REQUIRED WORK:
Below are records; work out how many of their lines hold the string "Dark" and give that number alone.

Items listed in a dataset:

══════

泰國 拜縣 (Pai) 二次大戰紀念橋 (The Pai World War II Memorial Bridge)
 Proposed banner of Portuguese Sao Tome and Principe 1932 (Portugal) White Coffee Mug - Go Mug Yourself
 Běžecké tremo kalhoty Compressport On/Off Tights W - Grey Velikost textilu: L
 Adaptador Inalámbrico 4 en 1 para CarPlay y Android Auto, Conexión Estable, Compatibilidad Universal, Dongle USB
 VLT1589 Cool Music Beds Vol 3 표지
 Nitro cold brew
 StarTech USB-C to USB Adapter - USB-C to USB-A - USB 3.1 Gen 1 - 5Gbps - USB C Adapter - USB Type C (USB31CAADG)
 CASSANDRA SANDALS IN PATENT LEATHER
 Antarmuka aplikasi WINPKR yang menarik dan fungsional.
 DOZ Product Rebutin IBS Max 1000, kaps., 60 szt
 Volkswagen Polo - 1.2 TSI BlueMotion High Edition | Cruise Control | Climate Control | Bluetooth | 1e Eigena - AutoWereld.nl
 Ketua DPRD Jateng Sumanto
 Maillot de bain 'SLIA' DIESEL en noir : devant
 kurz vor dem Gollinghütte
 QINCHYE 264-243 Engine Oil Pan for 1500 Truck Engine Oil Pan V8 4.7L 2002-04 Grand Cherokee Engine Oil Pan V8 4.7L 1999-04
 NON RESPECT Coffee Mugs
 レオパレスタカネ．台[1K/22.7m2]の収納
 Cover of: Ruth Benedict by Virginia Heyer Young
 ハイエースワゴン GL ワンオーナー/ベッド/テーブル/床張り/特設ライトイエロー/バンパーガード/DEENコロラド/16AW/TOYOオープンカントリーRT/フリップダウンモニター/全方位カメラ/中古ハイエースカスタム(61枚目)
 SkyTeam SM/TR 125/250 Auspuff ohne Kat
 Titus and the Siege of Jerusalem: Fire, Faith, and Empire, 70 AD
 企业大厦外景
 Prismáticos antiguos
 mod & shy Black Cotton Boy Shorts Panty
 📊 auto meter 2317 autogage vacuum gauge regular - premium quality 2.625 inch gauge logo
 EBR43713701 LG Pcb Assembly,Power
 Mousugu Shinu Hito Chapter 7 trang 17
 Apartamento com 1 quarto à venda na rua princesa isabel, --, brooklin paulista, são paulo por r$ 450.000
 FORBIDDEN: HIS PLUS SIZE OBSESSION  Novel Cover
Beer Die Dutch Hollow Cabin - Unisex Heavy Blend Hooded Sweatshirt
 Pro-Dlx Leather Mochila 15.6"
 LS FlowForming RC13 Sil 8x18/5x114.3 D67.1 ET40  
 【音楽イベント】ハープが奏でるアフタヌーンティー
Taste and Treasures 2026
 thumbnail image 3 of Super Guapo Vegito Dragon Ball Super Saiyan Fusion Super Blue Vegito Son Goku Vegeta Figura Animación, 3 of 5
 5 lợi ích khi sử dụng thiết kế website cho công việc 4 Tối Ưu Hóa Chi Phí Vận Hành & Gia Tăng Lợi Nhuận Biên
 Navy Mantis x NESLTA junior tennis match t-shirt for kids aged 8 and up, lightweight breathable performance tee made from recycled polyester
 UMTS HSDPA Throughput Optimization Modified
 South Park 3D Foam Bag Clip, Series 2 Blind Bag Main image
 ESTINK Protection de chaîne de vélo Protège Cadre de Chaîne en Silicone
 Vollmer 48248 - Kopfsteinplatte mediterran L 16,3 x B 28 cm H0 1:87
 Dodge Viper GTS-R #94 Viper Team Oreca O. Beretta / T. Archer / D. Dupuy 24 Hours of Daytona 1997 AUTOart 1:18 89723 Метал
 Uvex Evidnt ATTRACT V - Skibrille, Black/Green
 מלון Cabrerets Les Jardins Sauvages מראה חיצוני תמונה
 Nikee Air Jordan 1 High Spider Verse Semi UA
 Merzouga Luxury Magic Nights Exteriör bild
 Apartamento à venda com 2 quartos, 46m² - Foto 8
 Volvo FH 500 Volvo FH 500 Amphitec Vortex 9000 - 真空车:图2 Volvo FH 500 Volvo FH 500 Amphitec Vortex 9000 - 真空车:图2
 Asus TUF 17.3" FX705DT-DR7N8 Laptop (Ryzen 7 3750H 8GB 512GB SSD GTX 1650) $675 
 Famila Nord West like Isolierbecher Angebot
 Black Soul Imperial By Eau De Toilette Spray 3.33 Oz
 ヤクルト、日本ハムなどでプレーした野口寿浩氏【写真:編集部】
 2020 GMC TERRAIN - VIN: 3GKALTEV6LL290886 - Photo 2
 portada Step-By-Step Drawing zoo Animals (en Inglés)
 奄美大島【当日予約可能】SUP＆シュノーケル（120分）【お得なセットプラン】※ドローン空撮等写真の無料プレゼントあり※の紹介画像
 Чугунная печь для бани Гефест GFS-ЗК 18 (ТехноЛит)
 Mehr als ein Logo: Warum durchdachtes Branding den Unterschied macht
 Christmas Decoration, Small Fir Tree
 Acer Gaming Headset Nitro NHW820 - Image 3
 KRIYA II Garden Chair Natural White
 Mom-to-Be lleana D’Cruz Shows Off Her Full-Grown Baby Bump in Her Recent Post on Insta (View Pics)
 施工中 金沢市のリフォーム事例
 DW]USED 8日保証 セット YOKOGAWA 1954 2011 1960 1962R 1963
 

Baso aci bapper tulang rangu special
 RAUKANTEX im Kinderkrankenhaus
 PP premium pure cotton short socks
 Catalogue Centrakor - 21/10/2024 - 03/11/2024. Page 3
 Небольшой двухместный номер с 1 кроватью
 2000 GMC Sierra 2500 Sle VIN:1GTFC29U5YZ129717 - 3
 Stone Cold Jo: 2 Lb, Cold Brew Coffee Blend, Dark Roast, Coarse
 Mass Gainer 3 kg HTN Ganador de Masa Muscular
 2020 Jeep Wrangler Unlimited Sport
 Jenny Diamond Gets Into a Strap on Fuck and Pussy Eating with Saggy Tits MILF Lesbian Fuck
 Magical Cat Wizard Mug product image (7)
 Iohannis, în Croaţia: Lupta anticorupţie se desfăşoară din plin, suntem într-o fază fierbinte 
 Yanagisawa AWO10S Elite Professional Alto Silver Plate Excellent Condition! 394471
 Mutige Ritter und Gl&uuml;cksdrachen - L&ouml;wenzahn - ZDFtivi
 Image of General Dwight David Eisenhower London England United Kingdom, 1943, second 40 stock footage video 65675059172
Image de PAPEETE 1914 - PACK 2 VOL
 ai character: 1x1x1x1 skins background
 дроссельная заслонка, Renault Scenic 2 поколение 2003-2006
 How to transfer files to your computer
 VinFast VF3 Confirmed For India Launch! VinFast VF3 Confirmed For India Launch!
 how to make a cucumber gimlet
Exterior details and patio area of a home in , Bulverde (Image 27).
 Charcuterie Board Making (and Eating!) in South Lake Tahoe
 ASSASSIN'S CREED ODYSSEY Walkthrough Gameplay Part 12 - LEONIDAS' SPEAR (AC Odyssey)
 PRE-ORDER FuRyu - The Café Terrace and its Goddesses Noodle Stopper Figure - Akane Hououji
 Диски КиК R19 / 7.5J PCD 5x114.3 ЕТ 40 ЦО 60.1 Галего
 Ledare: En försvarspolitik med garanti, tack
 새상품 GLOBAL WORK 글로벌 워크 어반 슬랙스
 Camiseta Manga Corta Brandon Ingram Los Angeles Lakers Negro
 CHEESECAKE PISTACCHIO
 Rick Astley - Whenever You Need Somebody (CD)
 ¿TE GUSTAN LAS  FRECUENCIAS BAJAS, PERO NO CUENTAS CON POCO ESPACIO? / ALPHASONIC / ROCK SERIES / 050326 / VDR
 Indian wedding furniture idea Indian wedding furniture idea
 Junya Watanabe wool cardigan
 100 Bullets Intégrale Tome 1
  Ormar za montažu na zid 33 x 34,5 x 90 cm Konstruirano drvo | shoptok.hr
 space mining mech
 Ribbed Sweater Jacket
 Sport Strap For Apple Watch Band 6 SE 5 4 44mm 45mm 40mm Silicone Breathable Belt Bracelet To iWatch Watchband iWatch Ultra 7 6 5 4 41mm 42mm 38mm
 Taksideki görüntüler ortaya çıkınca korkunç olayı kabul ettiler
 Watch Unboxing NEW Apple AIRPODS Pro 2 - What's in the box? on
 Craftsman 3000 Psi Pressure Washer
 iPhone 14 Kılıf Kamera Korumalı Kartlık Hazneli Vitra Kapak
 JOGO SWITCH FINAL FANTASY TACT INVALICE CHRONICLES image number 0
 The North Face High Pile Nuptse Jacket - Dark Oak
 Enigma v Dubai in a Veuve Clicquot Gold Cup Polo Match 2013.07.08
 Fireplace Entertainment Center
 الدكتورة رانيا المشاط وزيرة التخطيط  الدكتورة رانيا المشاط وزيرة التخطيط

══════

OUTPUT FOR THIS EXERCISE:
2